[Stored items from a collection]
-------
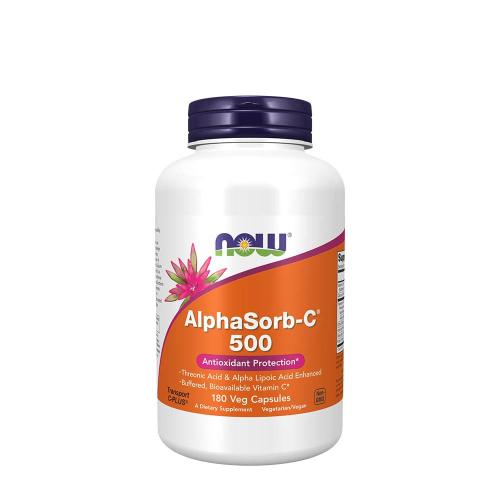 Now Foods AlphaSorb-C™ 500  (180 Capsule veg)
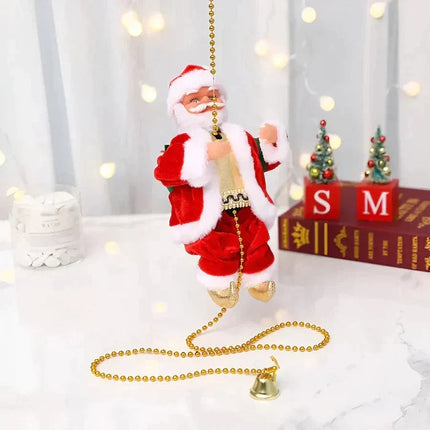 (COMPRÁ 2 Y LLEVATE 4) Papá Noel Escalador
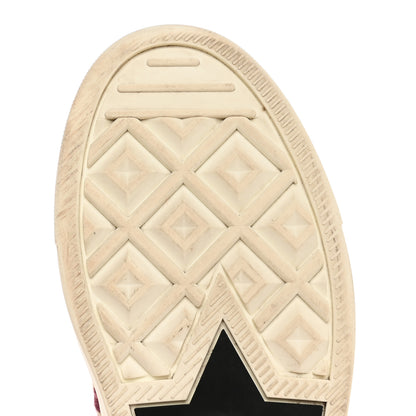 Christian Dior Canvas Oblique Walk'N'Dior Low Top Sneakers 38.5 Deep Amaranth 17 of 17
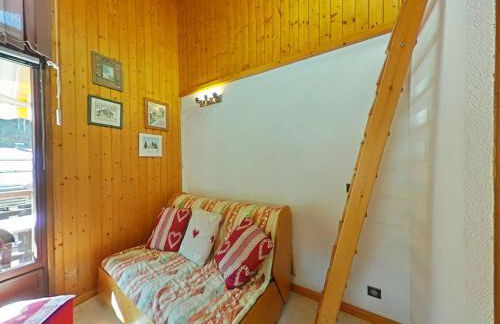 Studio/Cabine/Mezz 5 pers avec navette, à 600m du centre - Le Grand-Bornand - FR-1-241-165 - Foto 2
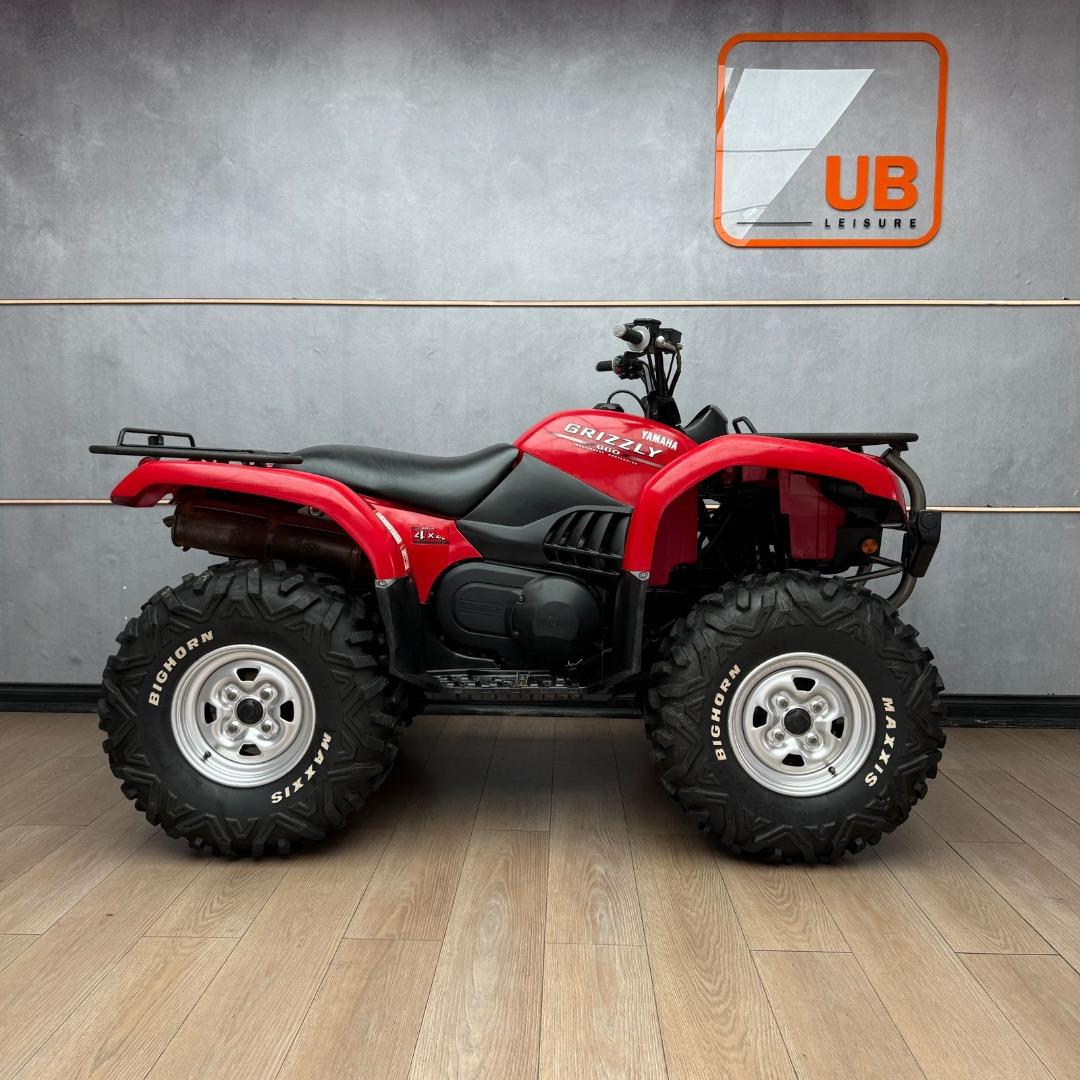 Used 2004 Yamaha GRIZZLY 660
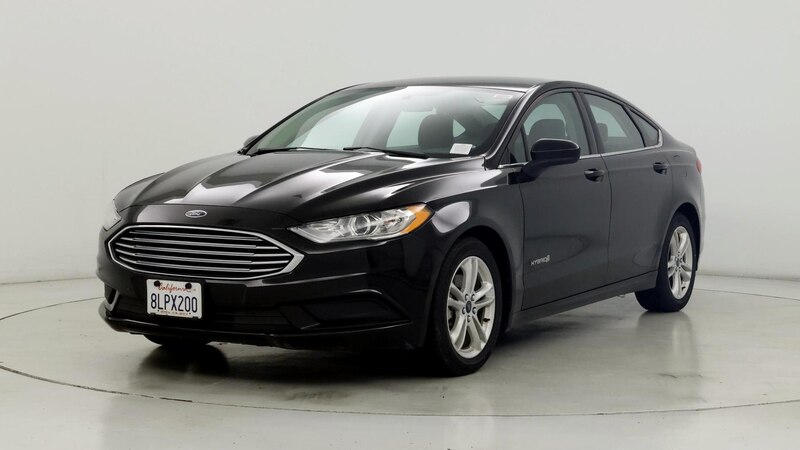 2018 Ford Fusion SE 4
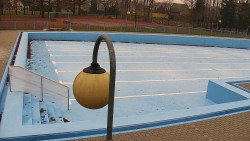 Areál koupaliště Hulín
-------
The task: Omit the pictures, then set down all the remaining data exactly as given.

Solution for this exercise:
 Now Foods AlphaSorb-C™ 500  (180 Capsule veg)
 (COMPRÁ 2 Y LLEVATE 4) Papá Noel Escalador
 Christian Dior Canvas Oblique Walk'N'Dior Low Top Sneakers 38.5 Deep Amaranth 17 of 17
 Studio/Cabine/Mezz 5 pers avec navette, à 600m du centre - Le Grand-Bornand - FR-1-241-165 - Foto 2
 Used 2004 Yamaha GRIZZLY 660
 2018 Ford Fusion SE 4
 Areál koupaliště Hulín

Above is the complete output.